One of the examples of successful application of drug discovery approaches is drug repurposing of the traditional anti-malarial drugs aminoquinolines namely, chloroquine (CQ) and hydroxychloroquine (HCQ) (Fig. 3 ). Both are synthetic anti-malarial drugs with rapid absorption. Chloroquine and hydroxychloroquine are water soluble; the latter is more soluble due to presence of hydroxyl group and possesses plasma half-life of 900 h and 1300 h, respectively [94]. During chronic treatment the drugs gets accumulated in tissues [95]. The selected anti-malarial drugs have been used for last 70 years. They are economic, have proven safety profile and are categorized as essential medicines by World Health Organization (WHO) [96]. Aminoquinolines have effectively reduced viral replication in Zika virus, Chikungunya virus, SARS-associated coronavirus (CoV) and MERS-CoV [[97], [98], [99], [100]]. Chloroquine and hydroxychloroquine has shown inhibition of SARS-CoV-2 replication [101]. Clinical trials have demonstrated the effective role of chloroquine phosphate (dose 500 mg/day) against COVID-19 [102]. The N-hydroxyethyl substituted derivative of chloroquine, hydroxychloroquine is less toxic, more soluble and has similar activity towards COVID-19 inhibition. There is continuous requirement to explore the molecular mechanism towards underlying antiviral action and clinical benefits of aminoquinolines and the toxicity profile. The detailed outcomes will help to design the randomized clinical trials [95,[103], [104], [105], [106], [107]]. The present manuscript provides a systematic review of mechanism of action, efficacy, and safety of chloroquine and hydroxychloroquine which are being used as therapeutic measure to cure COVID-19 infection.

Fig. 3

Chemical structures of (a) Chloroquine and (b) Hydroxychloroquine.

Mechanism of action

For viral replication, a stable acidic pH of endosomes, lysosomes, Golgi complex of host is required.
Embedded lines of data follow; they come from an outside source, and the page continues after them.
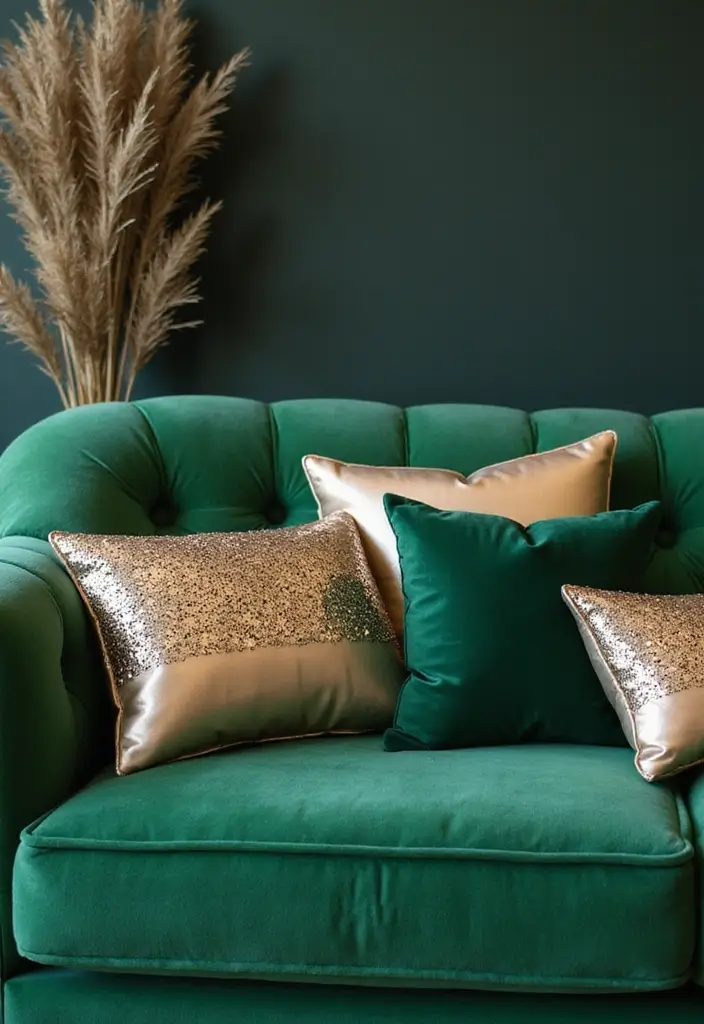 27 Pillows for a Green Couch That Balance Bold and Neutral Tones 8 27 Pillows for a Green Couch That Balance Bold and Neutral Tones - 8. Metallic Accents for Glam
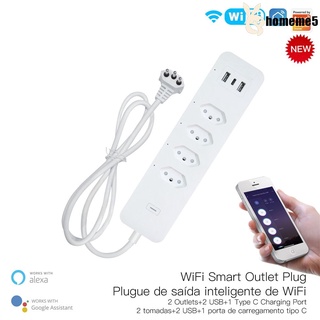 Tuya WiFi Brasil Smart Power Strip-Protector De Sobretensión (4 Enchufes BR , Enchufe USB Tipo C , Control De Voz , Por Alexa Google)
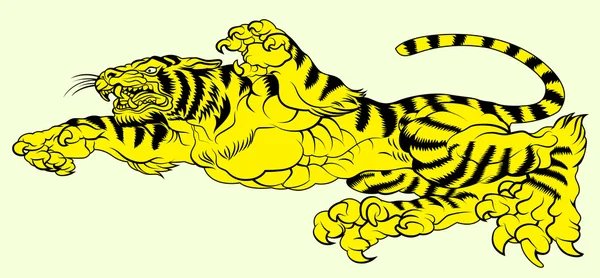 Tigre rastejando vetor cartoon — Vetor de Stock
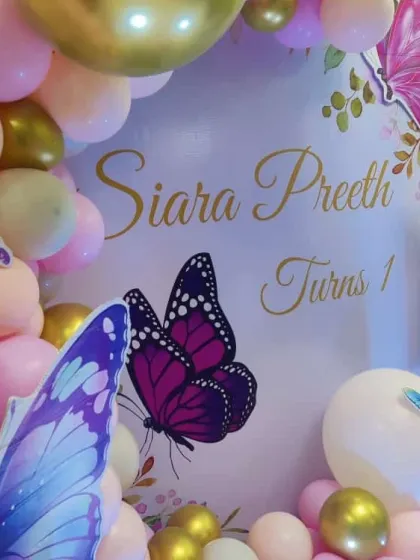 A detailed shot of the backdrop for a butterfly-themed first birthday, showing the custom name and intricate butterfly designs.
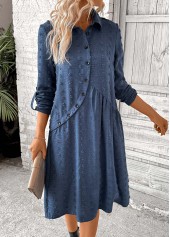 Denim Blue Patchwork A Line Long Sleeve Dress | thumb picture 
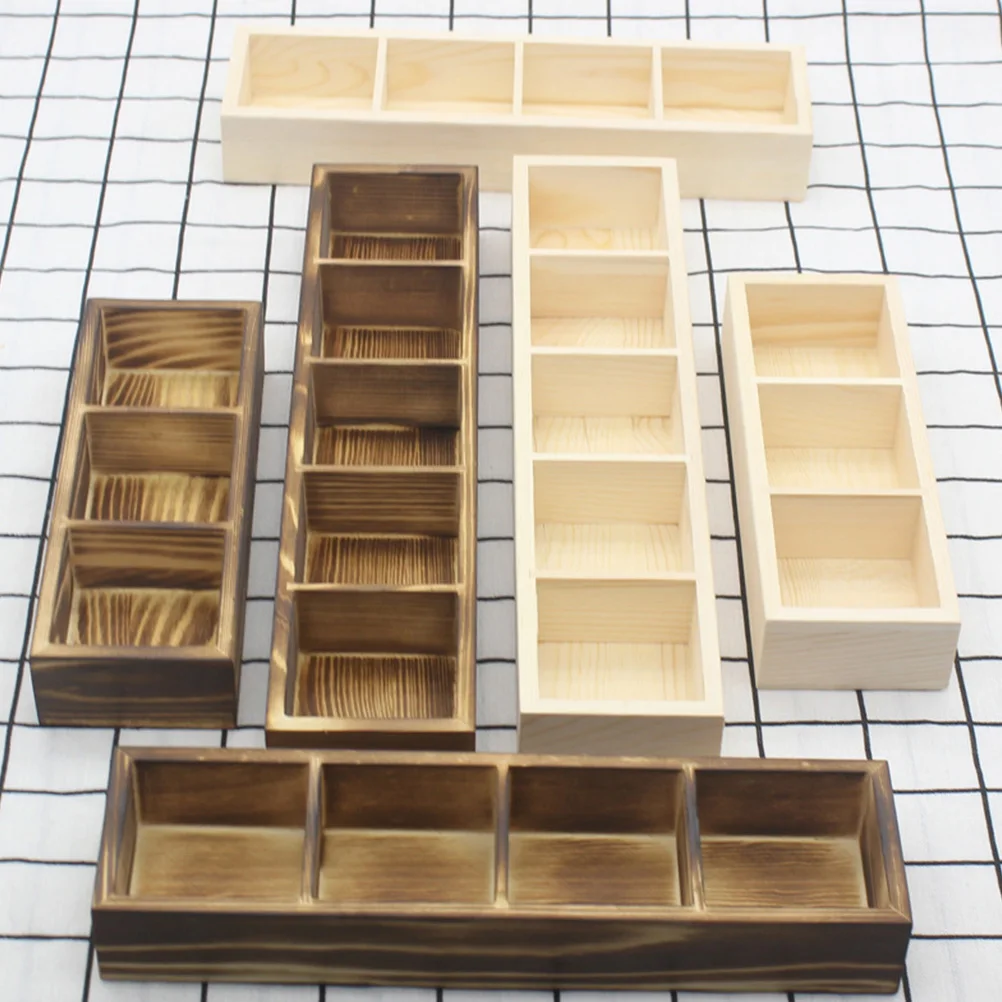

Wooden Storage Box 3 Compartments Tea Bag Organizer Coffee Bag Holder Smooth Surface Retro Style Small Containers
The bioaccumulation properties of both the selected aimnoquinolines explain the antiviral mechanism of their action [108]. Chloroquine increases the pH of intracellular vacuoles. In lysosomes, it alters the catalysis of the protein degradation pathways through acidic hydrolases. It also alters endosomal macromolecule synthesis and in Golgi apparatus it affects post-translational modifications. The antirheumatic response is produced by interfering with the immunological process which occurs in macrophages and antigen-presenting cells [109]. The mechanism involved for antiviral action is similar. It decreases the pH and interferes with the viral fusion process. In coronavirus, chloroquine binds to the cellular receptors and changes the glycosylation [110]. Chloroquine possesses selective and reversible immunomodulatory effect through its action on human CD4+ T-cells which is mediated by inhibition of JNK catalytic activity [109].

Hydroxychloroquine exerts similar mechanism of antiviral action and some of the key features are – i) increases the pH, ii) modulation of activated immune cells, iii) downregulation of expression of Toll-like receptors (TLR), iv) downregulation of TLR-mediated signal transduction; v) interleukin-6 formation drops; vi) reduces the formation of pro-inflammatory cytokines and other mediators to control inflammation [105,110,111].

The recent literature review helps to propose the possible mechanism of action of chloroquine and hydroxychloroquine through three ways i.e. immunomodulatory effect, zinc ionophore effect and binding with Sialic acid [[112], [113], [114]]. The three mechanisms are illustrated in Fig. 4 .

Fig. 4

Proposed mechanism of action for aminoquinolines (CQ: Chloroquine; RdRp: RNA dependent RNA polymerase; Green color arrow: names; Red color arrow: Zn2+ ionophore action of CQ; Blue color arrow: COVID-19 entry into host cell, endosome and lysosome; X: Site of action for CQ). (For interpretation of the references to color in this figure legend, the reader is referred to the web version of this article.)

Chloroquine vs. hydroxychloroquine

When compared for pharmacological profile, chloroquine and hydroxychloroquine possess equivalent anti-malarial activity. The latter is preferred due to lower ocular toxicity [115]. Theoretically, the antiviral activity for chloroqunie and hydroxychloroquine are similar but the reported clinical details for chloroquine are more in number [116]. Use of chloroquine is less due to some associated adverse effects and lack of availability in some countries. In patients with COVID-19 infection hydroxychloroquine is preferred as chloroquine when used in combination with lopinavir or ritonavir shows prolongation of the QT interval. Some of the other antiviral therapeutics that does not interfere with hydroxychloroquine is oseltamivir, lopinavir/ritonavir, robavirin, interferons, and immunoglobulins (intravenous) [117].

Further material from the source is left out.